Records to process section start

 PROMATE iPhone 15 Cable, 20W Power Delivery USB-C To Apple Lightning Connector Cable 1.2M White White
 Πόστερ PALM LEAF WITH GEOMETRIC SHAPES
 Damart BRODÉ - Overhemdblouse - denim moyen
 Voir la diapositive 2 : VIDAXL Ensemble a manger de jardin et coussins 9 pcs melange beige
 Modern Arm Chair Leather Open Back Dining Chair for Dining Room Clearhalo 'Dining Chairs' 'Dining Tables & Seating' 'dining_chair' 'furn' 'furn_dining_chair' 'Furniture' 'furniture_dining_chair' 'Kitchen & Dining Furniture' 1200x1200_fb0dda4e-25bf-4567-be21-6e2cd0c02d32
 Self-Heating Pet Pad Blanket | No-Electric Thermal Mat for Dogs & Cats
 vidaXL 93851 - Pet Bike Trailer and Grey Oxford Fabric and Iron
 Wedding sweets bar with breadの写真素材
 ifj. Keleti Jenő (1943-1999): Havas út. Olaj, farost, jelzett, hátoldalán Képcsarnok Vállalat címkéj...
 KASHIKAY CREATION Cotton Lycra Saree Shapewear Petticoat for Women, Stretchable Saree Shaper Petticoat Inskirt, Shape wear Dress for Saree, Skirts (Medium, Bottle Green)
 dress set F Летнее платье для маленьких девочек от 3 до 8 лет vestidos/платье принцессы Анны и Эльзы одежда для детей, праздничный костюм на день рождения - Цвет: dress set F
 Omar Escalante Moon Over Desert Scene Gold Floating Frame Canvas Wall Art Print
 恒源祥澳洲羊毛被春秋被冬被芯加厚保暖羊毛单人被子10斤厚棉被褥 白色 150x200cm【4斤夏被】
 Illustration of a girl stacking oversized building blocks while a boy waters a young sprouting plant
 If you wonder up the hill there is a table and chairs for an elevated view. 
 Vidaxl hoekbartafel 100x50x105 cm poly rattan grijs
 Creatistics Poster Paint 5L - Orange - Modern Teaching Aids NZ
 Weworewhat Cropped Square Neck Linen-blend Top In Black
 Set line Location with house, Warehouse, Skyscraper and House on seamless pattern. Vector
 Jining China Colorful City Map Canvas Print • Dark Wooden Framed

Records to process section end

— Task objective —
Reproduce exactly the lines of the records above from the one with "Wedding sweets bar with breadの写真素材" to the one with "Omar Escalante Moon", both included, and leave out everything else.

— Solution below —
 Wedding sweets bar with breadの写真素材
 ifj. Keleti Jenő (1943-1999): Havas út. Olaj, farost, jelzett, hátoldalán Képcsarnok Vállalat címkéj...
 KASHIKAY CREATION Cotton Lycra Saree Shapewear Petticoat for Women, Stretchable Saree Shaper Petticoat Inskirt, Shape wear Dress for Saree, Skirts (Medium, Bottle Green)
 dress set F Летнее платье для маленьких девочек от 3 до 8 лет vestidos/платье принцессы Анны и Эльзы одежда для детей, праздничный костюм на день рождения - Цвет: dress set F
 Omar Escalante Moon Over Desert Scene Gold Floating Frame Canvas Wall Art Print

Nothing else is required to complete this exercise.